How We Averted a Wedding Disaster

“Shalom, this is Rabbi Milgram, how can I help you? Has there been a tragedy?”

“A disaster, Rabbi! My sister who is a baalat teshuvah, (newly Orthodox) says she will not attend my wedding for three reasons. One, because her husband can’t hear your voice, or any woman’s voice, leading a Jewish rite; two, because our hall’s kosher caterer is not approved by her local rabbi; and three, because there will be mixed seating and mixed dancing.

“Rabbi, Ellie was going to be my wedding prep buddy, my shomeret, the one person helping me for the twenty-four hours before the wedding. We love each other so much, we’re more than sisters, we have always been best of friends. Woe, this is awful. And you, you are our rabbi, you did my bat mitzvah! I’m not about to substitute some strange Orthodox man. Why don’t Richard and I have the right to choose our own level of Jewish observance? My sister is free to hold her baby’s bris (circumcision) her own way. And my family always has mixed dancing, we aren’t Orthodox!”

[Kelly breaks into intense weeping. I listen to her tears and reflect carefully before speaking.]

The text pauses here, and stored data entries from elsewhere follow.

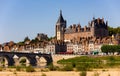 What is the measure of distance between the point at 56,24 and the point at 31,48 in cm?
1285

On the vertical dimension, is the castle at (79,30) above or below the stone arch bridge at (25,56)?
above

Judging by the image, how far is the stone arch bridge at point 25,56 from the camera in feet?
300

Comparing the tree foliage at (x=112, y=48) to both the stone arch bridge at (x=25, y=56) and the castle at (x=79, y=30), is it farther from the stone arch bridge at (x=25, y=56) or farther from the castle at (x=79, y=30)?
the castle at (x=79, y=30)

“Kelly, this is painful to you, and it must feel utterly unfair. I want you to know there are things you can do to help your family celebrate this precious time together without changing your plans or compromising on your own integrity.

“First, rabbis are not in the business of breaking up families. I’m willing to bet, from experience, that your sister’s rabbi can help her become able to participate more than she believes possible, if she calls him and discusses the situation.

“Let me explain further. First, it’s likely your sister can totally still be with you as your shomeret, as your wedding is on a Sunday night. She can start right after the Sabbath on Saturday night, there’s no real conflict with any Jewish law in her doing that. Next, her husband might not be required to miss the ceremony. He should check with the rabbi. Waivers are given by some Orthodox rabbis for the weddings of first-degree non-Orthodox family members. Rabbis care about families a lot.

“Now, think airplane food. Find out if your caterer can have a special meal brought in for the reception by a caterer whom your sister’s rabbi approves. If not, her family can bring their own wrapped food to the reception and your caterer can organize a spot in the fridge for it. Also, as long as your sister and her husband don’t engage in mixed dancing, their rabbi might allow them to attend the reception.

“And finally, family from out of town is often hosted for a Friday night dinner and a Sunday brunch. If all else fails, her family can bring their own food, miss the ceremony, and attend one or both of those events as their way of celebrating with you. Remember that they will need a place to stay in walking distance of any events occurring on the Sabbath, and they’ll need lights kept on in public rooms and bathrooms, since they probably won’t turn the electricity on or off on the Sabbath.

“Kelly, your sister has dedicated herself to living in a system where she has to first secure permission from her rabbi on such matters. As a baalat teshuvah (f.), a newly Orthodox person, she is probably using her intellect to extrapolate what she thinks are the right decisions, and as a lay person she hasn’t studied all the precedents and principles upon which her rabbi can make decisions. Most Orthodox rabbis try to be compassionate, to look for ways to hold families together. I think you will be surprised by the outcome that is often possible.”

Note: Curious about how the situation turned out? Kelly calmly suggested that her sister call her rabbi for clarification, and she did. The rabbi gave the couple permission to attend everything so long as they brought their own food, didn’t travel on the Sabbath, and didn’t engage in mixed dancing. He also instructed her husband to be careful not to focus his attention on any scantily clad guests. Other rabbis might rule more or less stringently, but most will try to find ways that are ethical within their world-view to support family ties. 

Here's a guide to getting yourself in balance before trying to deal with a religious curve ball that’s come your way.

• Anticipate that in your extended kinship and friendship system there will be at least one person who comes from a part of the spectrum of religious practice that is different from the one you have presently chosen for yourself.

• Reach out pro-actively to those who may have more difficult-to-address issues so they feel supported rather than overlooked from the get-go.

• Remember, religious-conviction-driven decisions are not about you personally; they are principles being passionately applied to a situation.

• Realize that your love for each other will have opportunities to flow whether or not you are, in the end, both able to be present at the rite of passage.

• Become clear about your own values and practices; know what accommodations to someone else’s need would have integrity for you.